- **DIRECTIONS**
Each line below is to be copied exactly as it appears.

- **DATA EXTRACT**
※

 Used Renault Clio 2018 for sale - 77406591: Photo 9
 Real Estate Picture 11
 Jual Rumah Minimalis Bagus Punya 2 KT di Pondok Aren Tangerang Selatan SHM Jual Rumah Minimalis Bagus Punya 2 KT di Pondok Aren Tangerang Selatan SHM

※

- **TASK RESPONSE**
 Used Renault Clio 2018 for sale - 77406591: Photo 9
 Real Estate Picture 11
 Jual Rumah Minimalis Bagus Punya 2 KT di Pondok Aren Tangerang Selatan SHM Jual Rumah Minimalis Bagus Punya 2 KT di Pondok Aren Tangerang Selatan SHM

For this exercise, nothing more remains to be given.